**About this exercise**
Using the listing below, copy exactly each line from the one that has "How AI Can Help You Ace Secondary & JC Math" through the one that has "CARDI RIMORCHIO PER"; omit the pictures.

**Material for this exercise**
>>

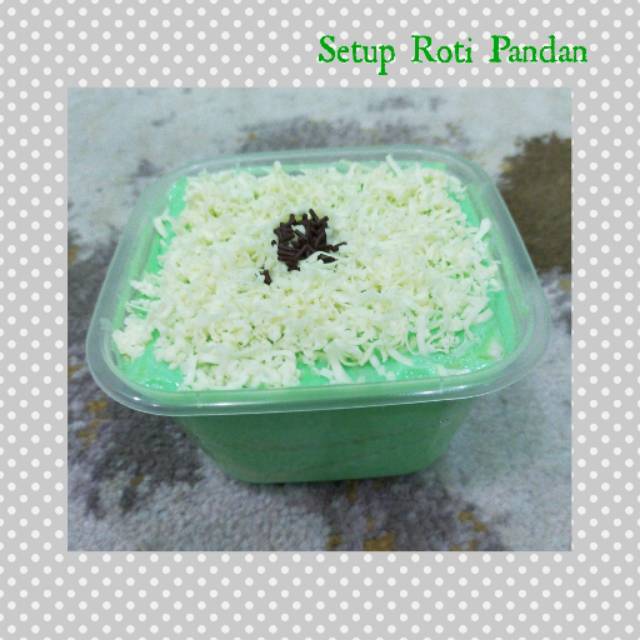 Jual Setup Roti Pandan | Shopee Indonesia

<<
>>

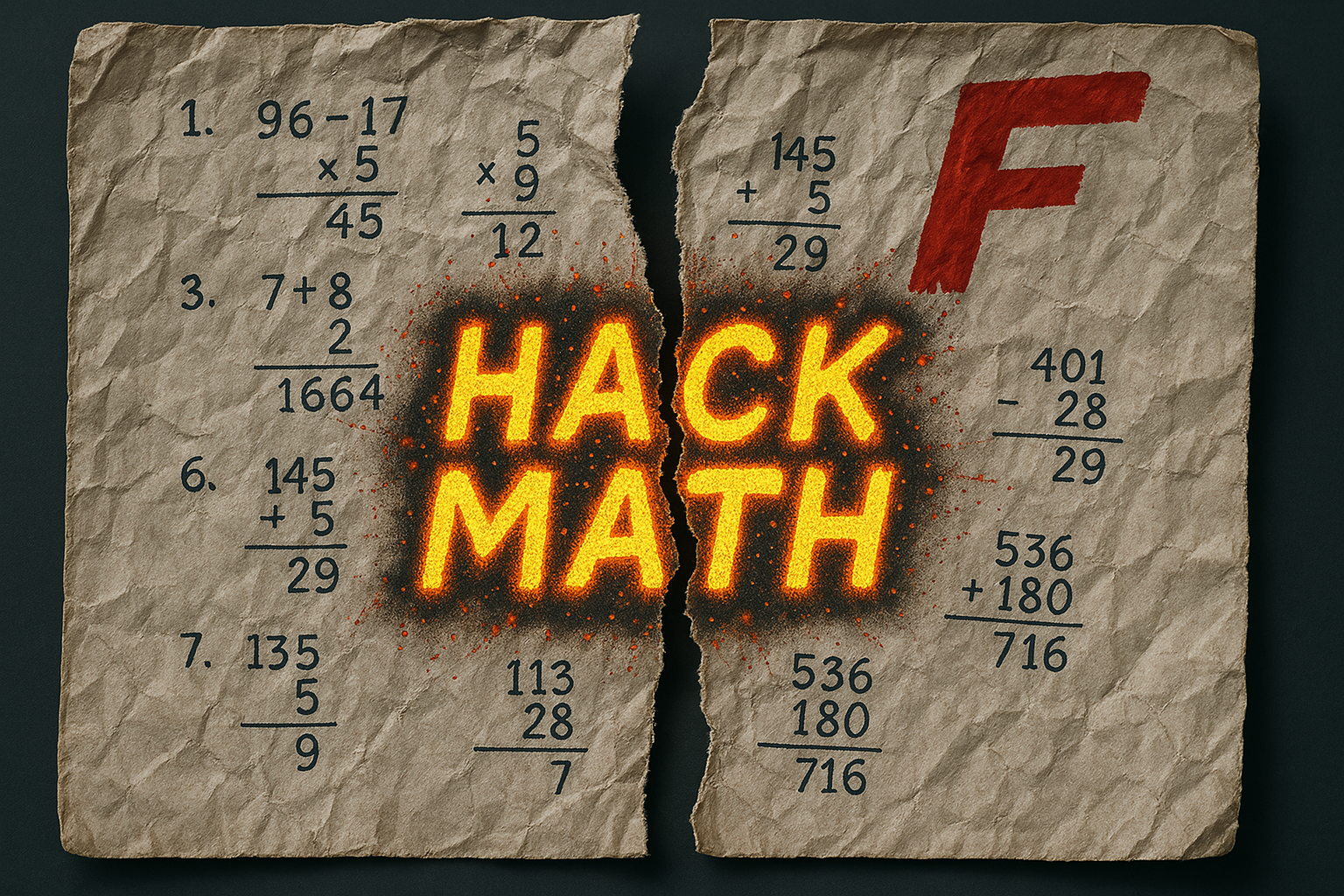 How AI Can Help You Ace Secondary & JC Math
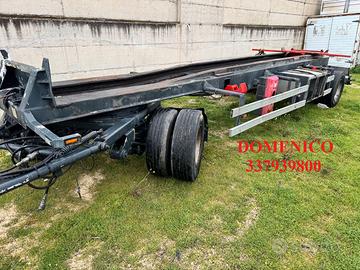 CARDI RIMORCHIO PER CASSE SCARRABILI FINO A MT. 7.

<<
>>

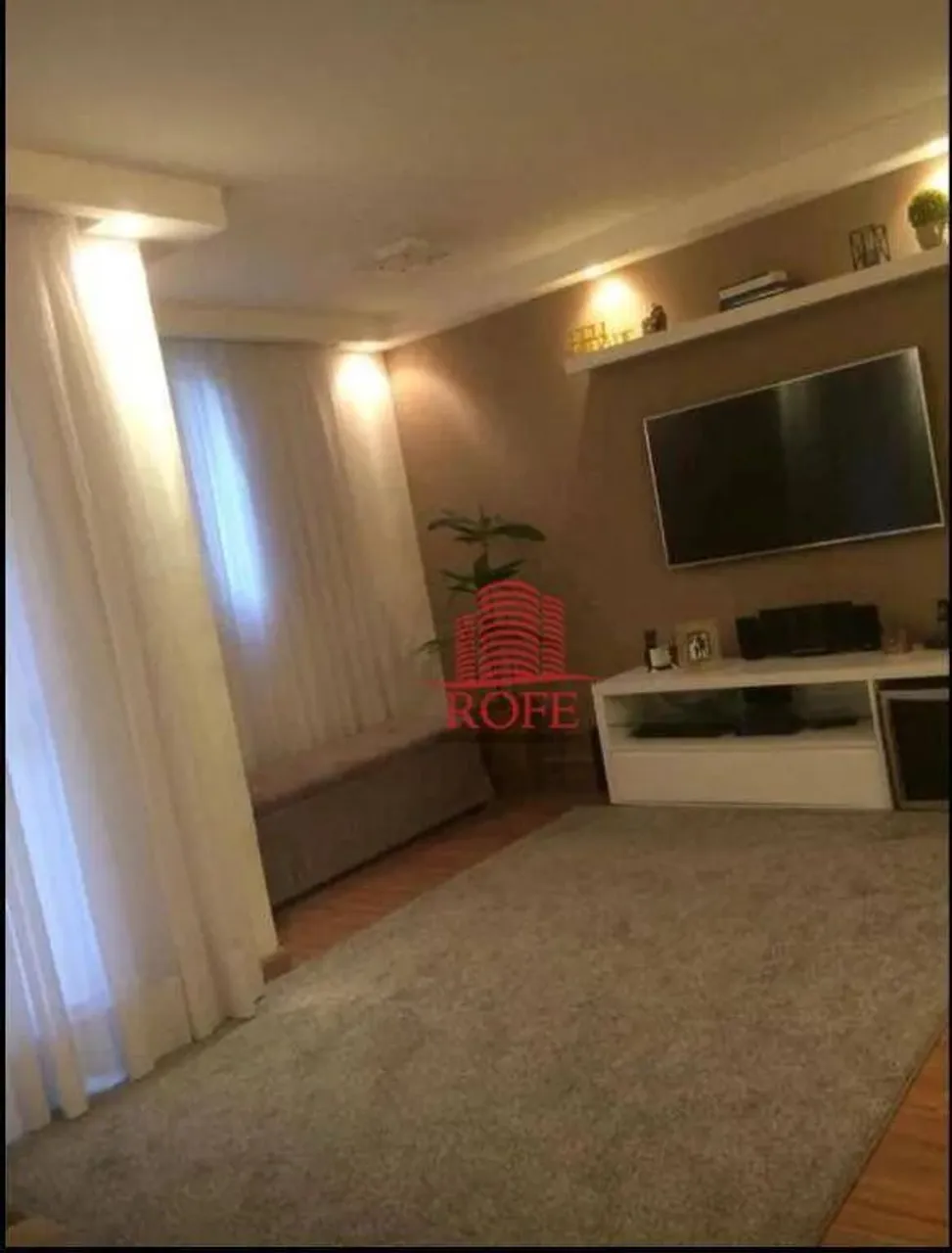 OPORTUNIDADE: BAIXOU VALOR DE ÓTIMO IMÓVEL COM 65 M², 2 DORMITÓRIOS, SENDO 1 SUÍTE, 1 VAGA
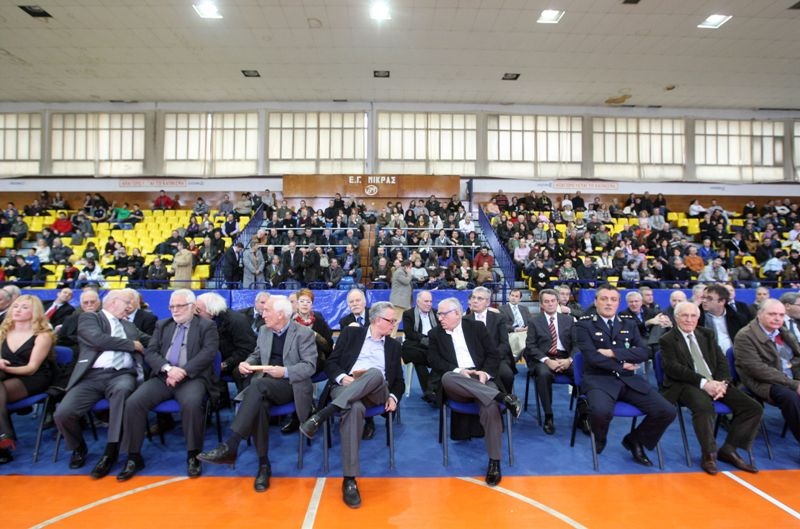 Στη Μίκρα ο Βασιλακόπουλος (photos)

<<

**Response to the task**
 How AI Can Help You Ace Secondary & JC Math
 CARDI RIMORCHIO PER CASSE SCARRABILI FINO A MT. 7.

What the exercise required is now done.